Gli australiani si inventano il vino che parla
Per sedurre i millennial e tutta quella fetta di popolazione che vede nello smartphone il prolungamento ideale della propria mano, gli australiani si sono inventati… il vino che parla.
L’idea del gruppo australiano Treasury Wine Estates, colosso del settore vitivinicolo (è proprietario di 13 mila ettari di vigne in tutto il mondo e produce di più di 400 milioni di bottiglie), è stata quella di portare la realtà aumentata sulle etichette del vino.
Sulle bottiglie di cabernet sauvignon, di chardonnay o di shiraz della serie «19 Crimes», campeggia un’etichetta gialla con l’immagine in tonalità seppia di giovani uomini in tenuta da carcerati.
Questi uomini si chiamano John Boyle O’Reilly, Michael Harrington, Cornelius Dwyer Kane e sono tutti stati condannati all’esilio in Australia.

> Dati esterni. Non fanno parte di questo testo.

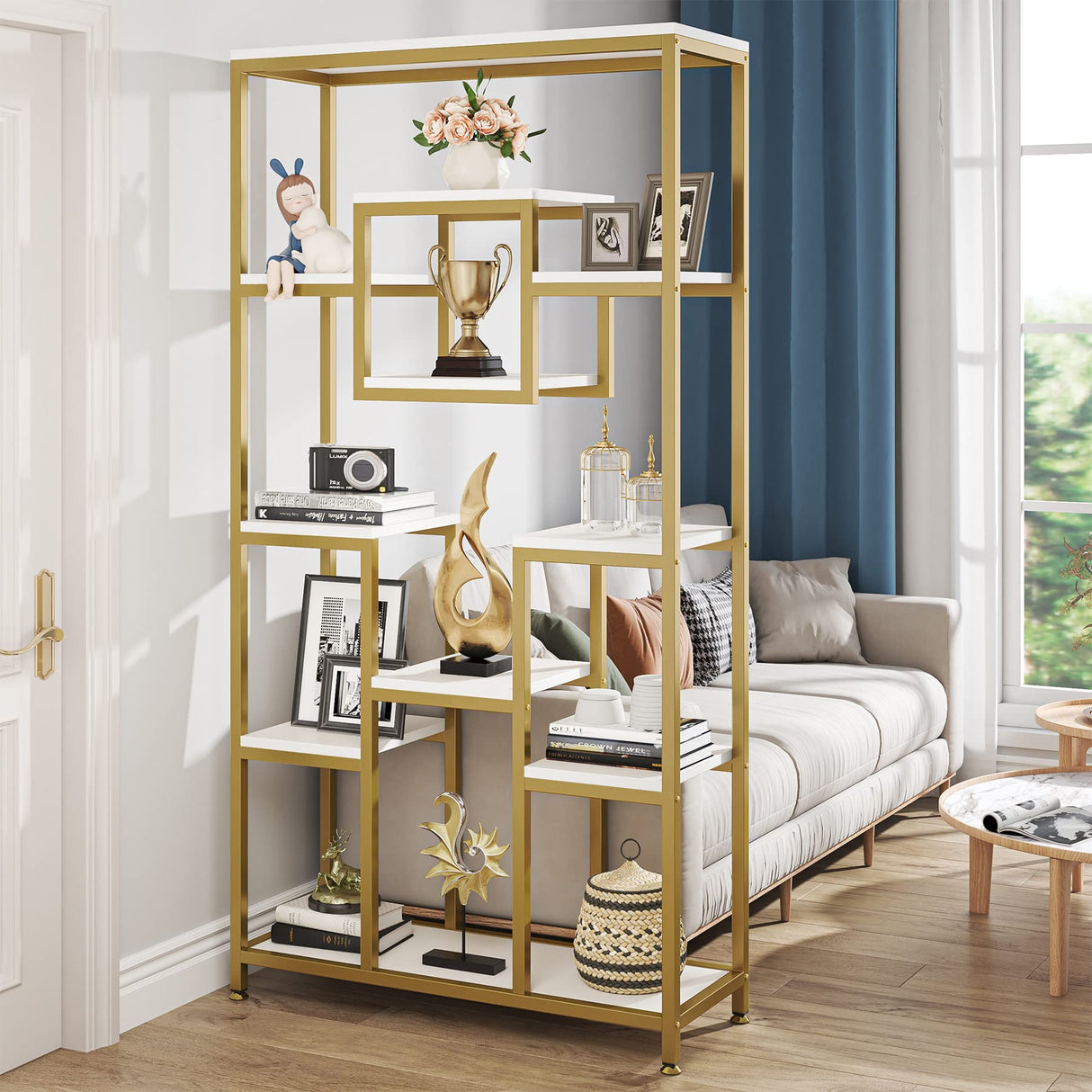 Tribesigns 71" Gold and White Modern 11-Tier Etagere Bookshelf for Elegant Storage and Display Tribesigns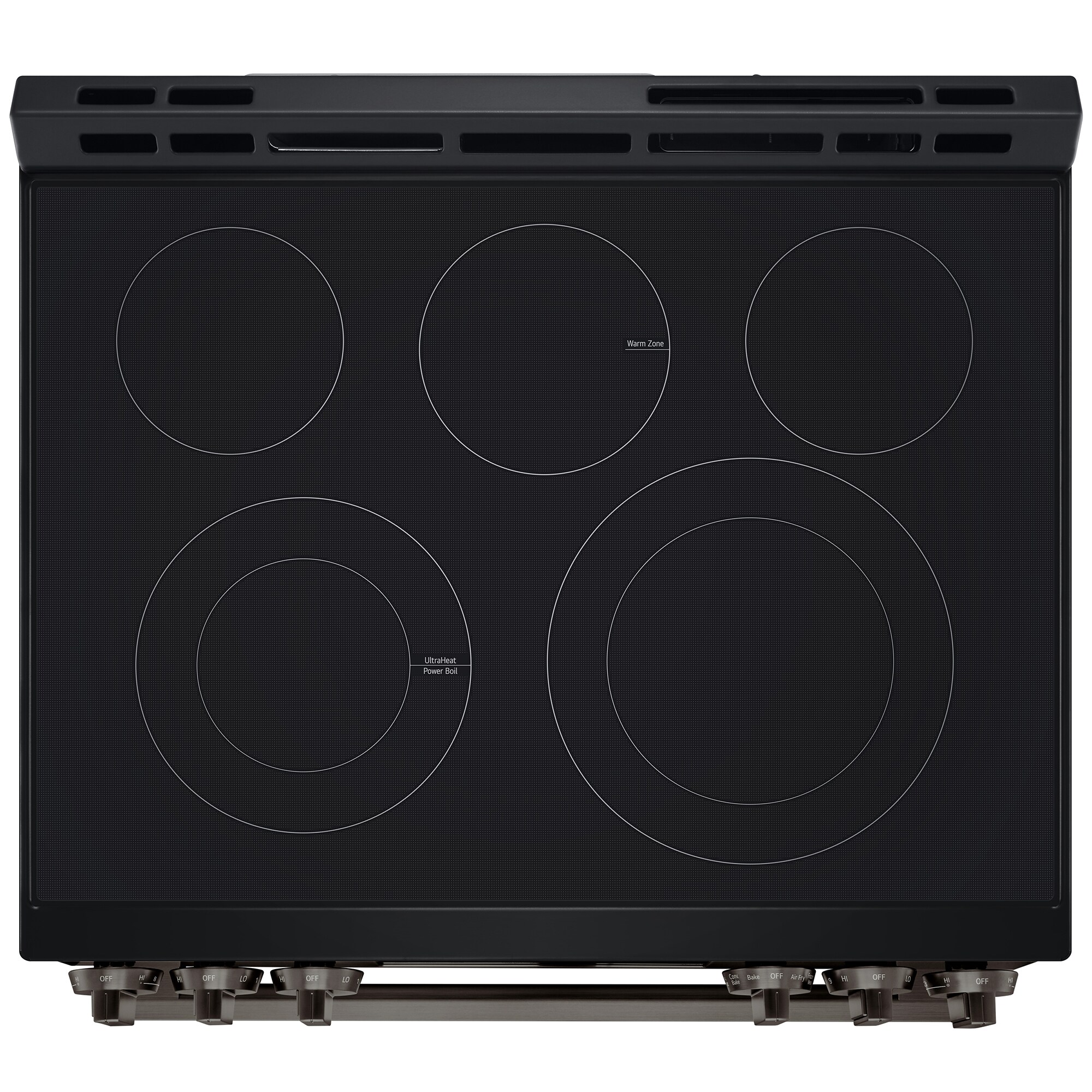 LG 30 in. 6.3 cu. ft. Smart Air-Fry Standard Convection Slide-In Electric Range with Radiant Burners - Black Stainless Steel, , hires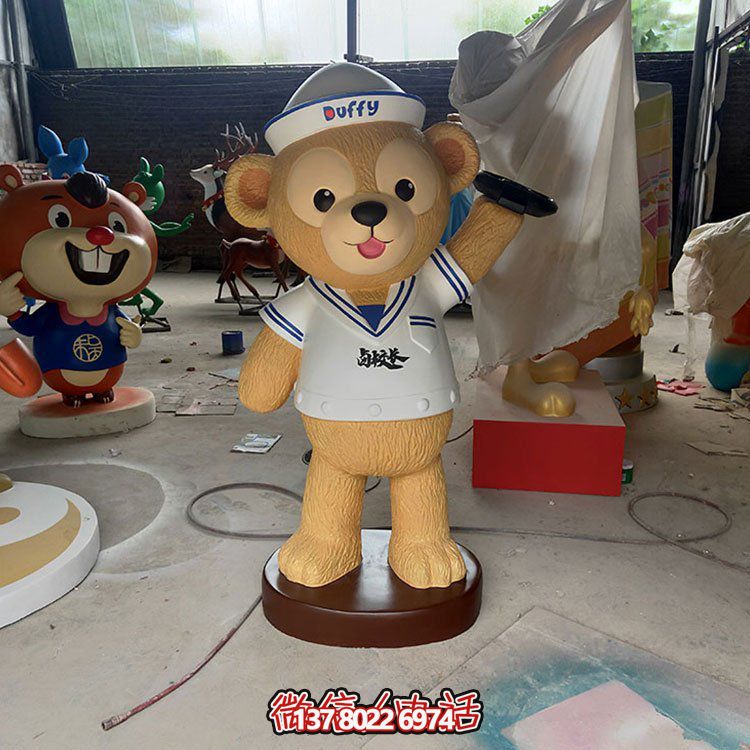 玻璃鋼卡通熊雕塑，點綴戶外園林景觀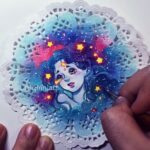Qing Han Instagram - Stardusts 🌌 • • • Painting on a doily. The paper isn't made to be painted on so it sucked up pigment like no tomorrow and would spread the water like wildfire if I wasn't careful. I felt horrible while I struggled through the first half of it. I somehow managed to wrangle it into something decent 😵~ Compromised my immune system for this lol, but I'm getting over my cold now so yay! Hope you guys are having a great holiday! 😊 • Edit: a bit of the sketching part of the vid is in my insta-story (cause I accidentally did something wrong when exporting..."orz) • Music - Japanese Current by Kamiyama Junichi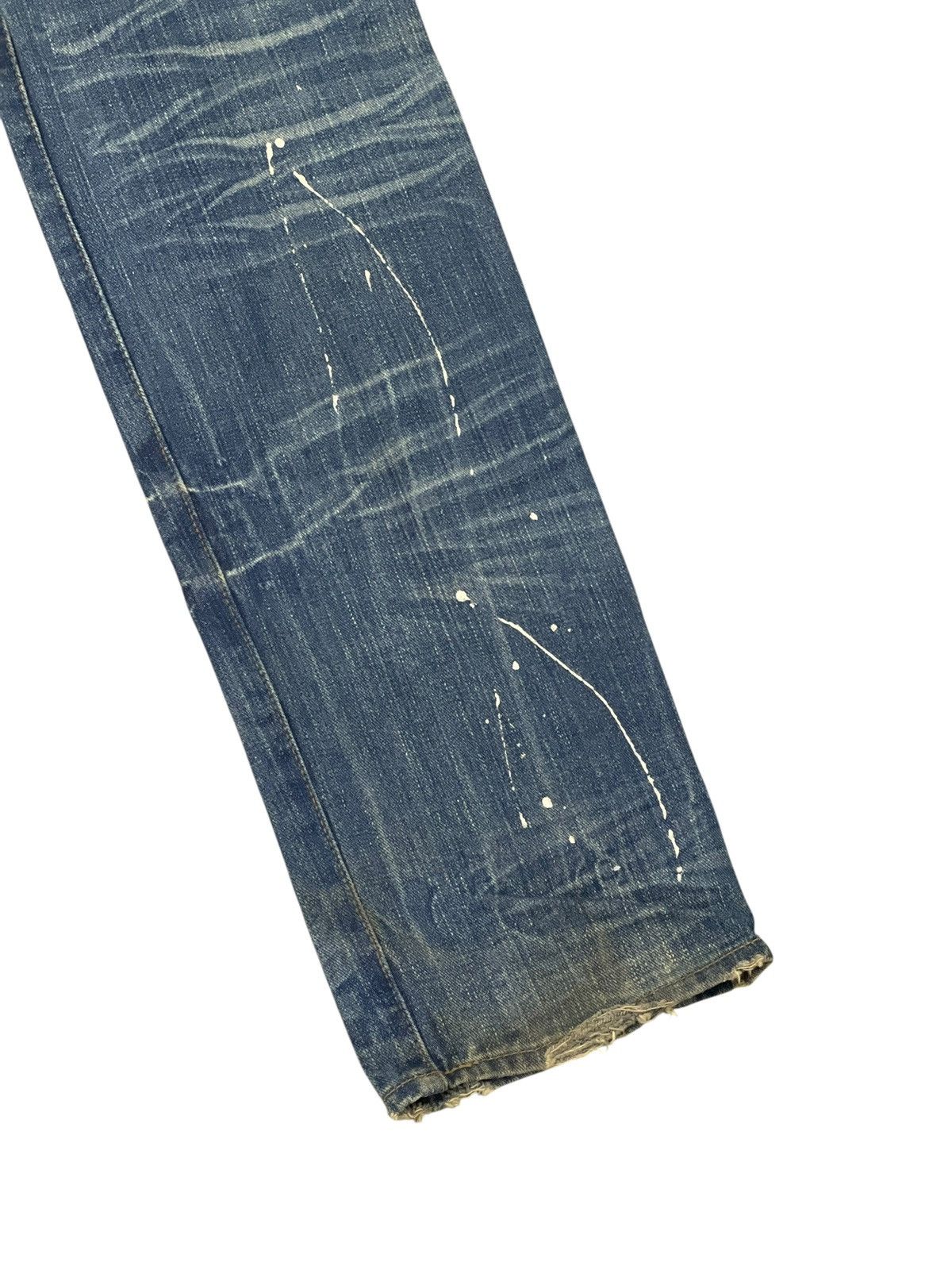 Japanese Brand Slim Jeans Root Three Faded Distress Painter 1🟦7 Size US 31 - 11 Thumbnail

La grafica è molto originale e ben riuscita. Ma la sorpresa comincia dopo che l’acquirente ha scaricato la app dedicata Living Wine Labels: basta dirigere l’obiettivo della fotocamera dello smartphone verso l’etichetta per vedere i detenuti animarsi sullo schermo e raccontare ciascuno la propria storia.
Il lancio della app è stato realizzato in pompa magna nei paesi interessati. Basti pensare che, per presentare «19 Crimes» negli Stati Uniti, Treasury Wine Estates ha affittato in esclusiva nientemeno che il penitenziario di Alcatraz. L’impatto commerciale è stato anch’esso enorme.
«In diciotto mesi», ha spiegato a Le Figaro Gregory Joos de ter Beerst, che cura la distribuzione in Europa di Treasury Wine, «le vendite di 19 Crimes sono passate da 4 milioni a 18 milioni di bottiglie.
L’applicazione piace tantissimo. Scommettiamo su un miliardo di download nel 2020».